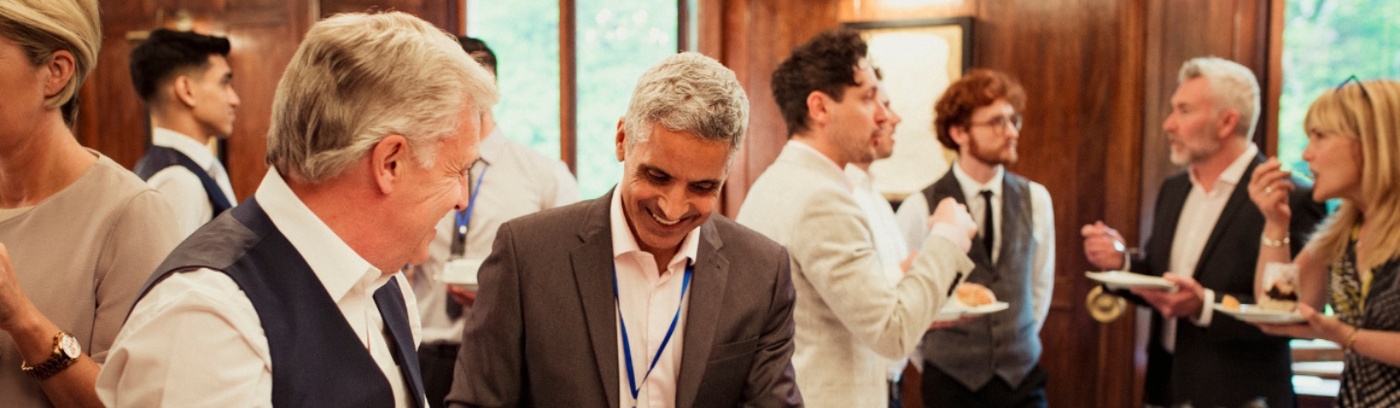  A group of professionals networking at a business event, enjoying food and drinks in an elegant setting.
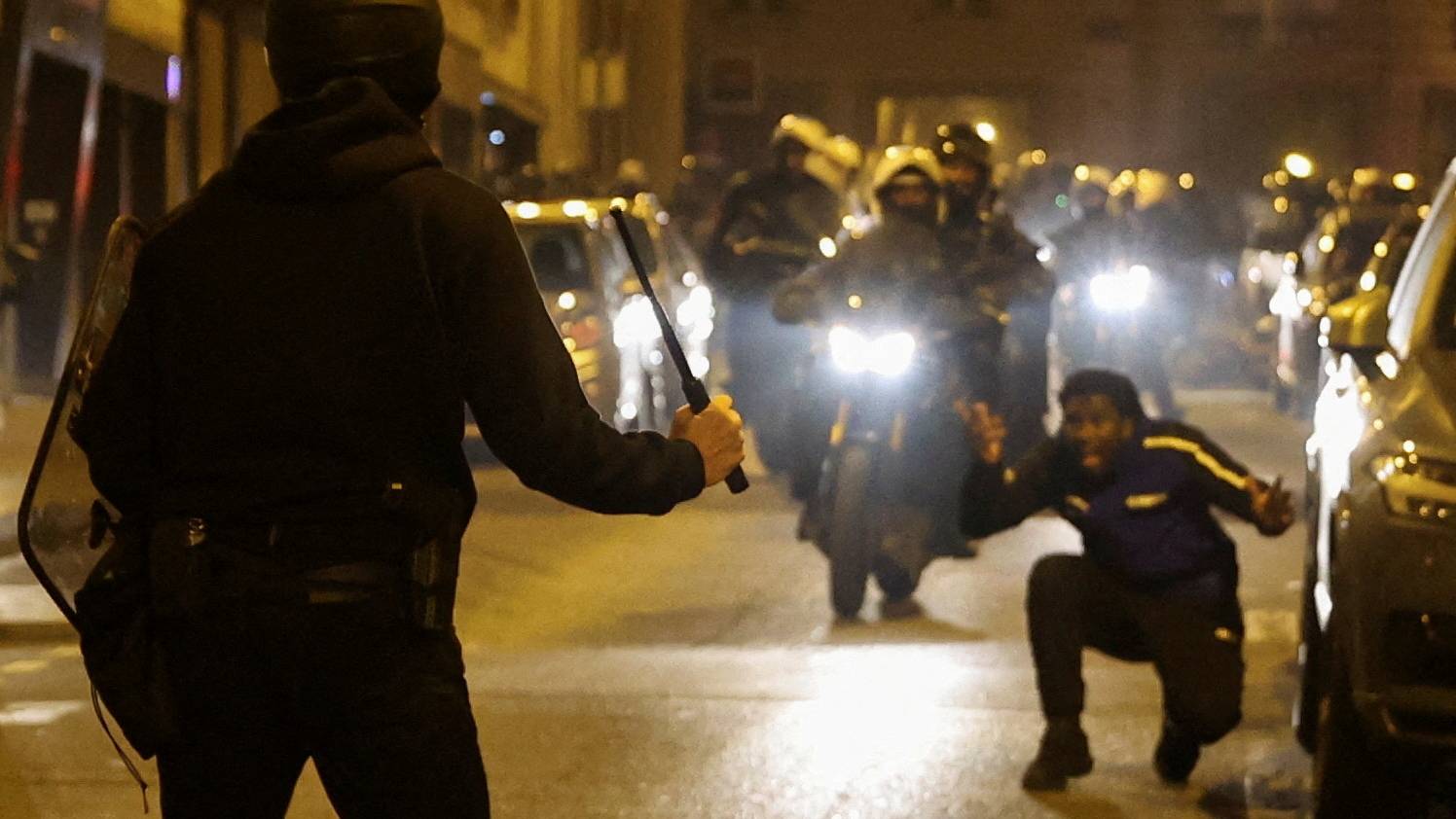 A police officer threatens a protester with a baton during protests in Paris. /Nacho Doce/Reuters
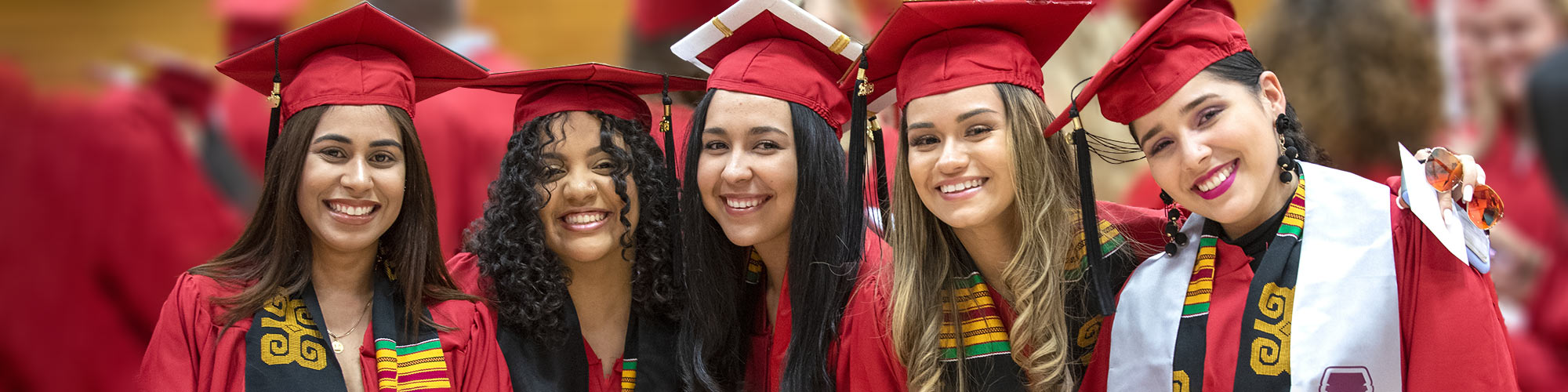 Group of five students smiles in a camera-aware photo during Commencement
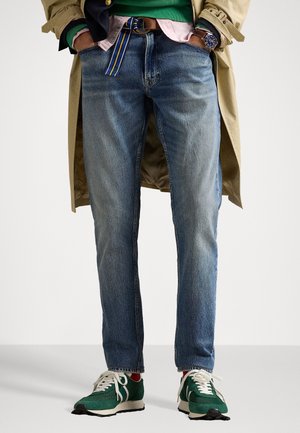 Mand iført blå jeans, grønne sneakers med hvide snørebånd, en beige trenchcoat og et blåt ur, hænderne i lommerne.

§ **WHAT IS EXPECTED**
All the material shown above is to be copied exactly, with no pictures carried over.

§ **FINAL ANSWER**
  A group of professionals networking at a business event, enjoying food and drinks in an elegant setting.
 A police officer threatens a protester with a baton during protests in Paris. /Nacho Doce/Reuters
 Group of five students smiles in a camera-aware photo during Commencement
 Mand iført blå jeans, grønne sneakers med hvide snørebånd, en beige trenchcoat og et blåt ur, hænderne i lommerne.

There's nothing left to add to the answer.